Labour’s full guidelines for constituency leadership nomination meetings

Party has published guidelines for conduct of all-member meetings to nominate leader and deputy leader candidates – and CLP reps for the NEC election

The Labour Party has published guidelines for how the all-member constituency meetings to decide which leadership/deputy leadership candidates a local party (CLP) will nominate must be conducted.

The meetings, which must take place – and report their results – between 15 January and 15 February – are vital to the elections, as candidates who fail to obtain nomination from 5% of CLPs or 5% of affiliate groups (including two unions) will not be eligible for the full ballot.

The guidelines are as follows:

Guidelines for CLP Nomination Meetings

This is a procedural document for CLPs to make nominations for Leader and Deputy Leader of the Labour Party. CLPs have also been asked to nominate for the NEC BAME representative and the two vacant NEC CLP representatives. This has been based on a timetable and procedures that have been agreed to by the NEC. CLPs can only nominate candidates who have received nominations from at least 10% of MPs and MEPs (22 nominations in total) and have consented to nomination, a list of such candidates will be provided to CLPs and published on the Labour Party website after the close of PLP/EPLP nominations

CLP nominations will open on Wednesday 15 January 2020, and close on Friday 15 February 2020, 23.59. Any nominations submitted to the national party outside of this time will not be accepted.


The NEC has agreed that normal CLP meetings and branch meetings can continue.

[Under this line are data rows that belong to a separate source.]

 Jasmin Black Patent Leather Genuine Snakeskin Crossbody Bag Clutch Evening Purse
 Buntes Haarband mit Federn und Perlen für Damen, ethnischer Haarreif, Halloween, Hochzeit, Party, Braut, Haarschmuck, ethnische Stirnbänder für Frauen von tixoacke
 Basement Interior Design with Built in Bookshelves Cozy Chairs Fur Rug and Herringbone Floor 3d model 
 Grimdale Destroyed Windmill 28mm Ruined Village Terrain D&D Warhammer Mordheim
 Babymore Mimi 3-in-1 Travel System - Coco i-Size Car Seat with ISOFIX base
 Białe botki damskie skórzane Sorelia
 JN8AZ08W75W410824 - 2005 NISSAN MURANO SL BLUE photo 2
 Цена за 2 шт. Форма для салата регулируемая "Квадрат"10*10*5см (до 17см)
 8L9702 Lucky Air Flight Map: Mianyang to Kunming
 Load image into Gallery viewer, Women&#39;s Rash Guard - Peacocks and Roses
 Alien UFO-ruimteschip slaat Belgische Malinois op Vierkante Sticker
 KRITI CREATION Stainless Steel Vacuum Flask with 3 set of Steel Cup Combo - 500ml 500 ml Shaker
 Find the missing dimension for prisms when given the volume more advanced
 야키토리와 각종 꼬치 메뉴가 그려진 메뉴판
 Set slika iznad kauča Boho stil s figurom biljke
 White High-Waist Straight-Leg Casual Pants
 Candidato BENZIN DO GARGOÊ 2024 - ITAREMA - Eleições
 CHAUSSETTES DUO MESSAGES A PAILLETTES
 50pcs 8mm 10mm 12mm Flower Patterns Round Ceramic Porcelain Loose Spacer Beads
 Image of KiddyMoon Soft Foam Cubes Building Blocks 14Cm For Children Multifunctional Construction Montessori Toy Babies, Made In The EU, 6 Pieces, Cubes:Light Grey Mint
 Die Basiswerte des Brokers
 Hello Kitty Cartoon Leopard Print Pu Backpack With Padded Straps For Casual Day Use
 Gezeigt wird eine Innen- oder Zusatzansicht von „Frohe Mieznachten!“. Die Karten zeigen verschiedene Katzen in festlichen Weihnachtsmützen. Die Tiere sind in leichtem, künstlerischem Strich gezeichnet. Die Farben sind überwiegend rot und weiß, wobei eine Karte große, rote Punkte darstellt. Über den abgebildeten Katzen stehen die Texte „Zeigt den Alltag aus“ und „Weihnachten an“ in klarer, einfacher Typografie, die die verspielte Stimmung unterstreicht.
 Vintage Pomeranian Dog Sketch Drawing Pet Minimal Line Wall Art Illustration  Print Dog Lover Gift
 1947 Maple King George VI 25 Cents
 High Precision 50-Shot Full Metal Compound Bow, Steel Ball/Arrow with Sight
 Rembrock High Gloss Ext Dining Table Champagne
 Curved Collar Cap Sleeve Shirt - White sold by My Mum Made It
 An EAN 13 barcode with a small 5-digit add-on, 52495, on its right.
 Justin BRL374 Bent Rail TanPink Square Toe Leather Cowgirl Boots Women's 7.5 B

Your nomination meeting will need to be separate from your normal meeting so that only those eligible to attend and vote can do so.
In line with Labour Party rules, your CLP nomination meeting must be an all members meeting.

Members should receive seven days written notice of the meeting, unless the Regional Director (this includes Scottish and Welsh General Secretaries for the purpose of this paper) determines otherwise due to exceptional circumstances.


As per Chapter 2; Clause II; 4 of the Labour Party Rule Book only those members who have passed their 8 week provisional period of membership at the relevant date shall have the right to attend and vote at CLP meetings. For these purposes, the relevant date agreed by the NEC is date on which the meeting is due to take place. Members who joined between 6 September and 12 December 2019 – and who are therefore subject to the NEC decision to extend the provisional membership period during the General Election – will be entitled to attend and vote, providing they have eight weeks continuous membership at the time of the meeting.

Those members who are showing as being in arrears from after the relevant date, will be able to participate in the meeting provided they pay the arrears at the commencement of the meeting, or provide proof that they have since paid the arrears to the national party.
Any dispute with regard to the eligibility of any member shall where practicable be referred by the CLP Secretary to the Regional Director, who will rule on the member’s eligibility. Where the issue is not clear cut, the Regional Director will consult with the Governance & Legal Unit before giving a ruling.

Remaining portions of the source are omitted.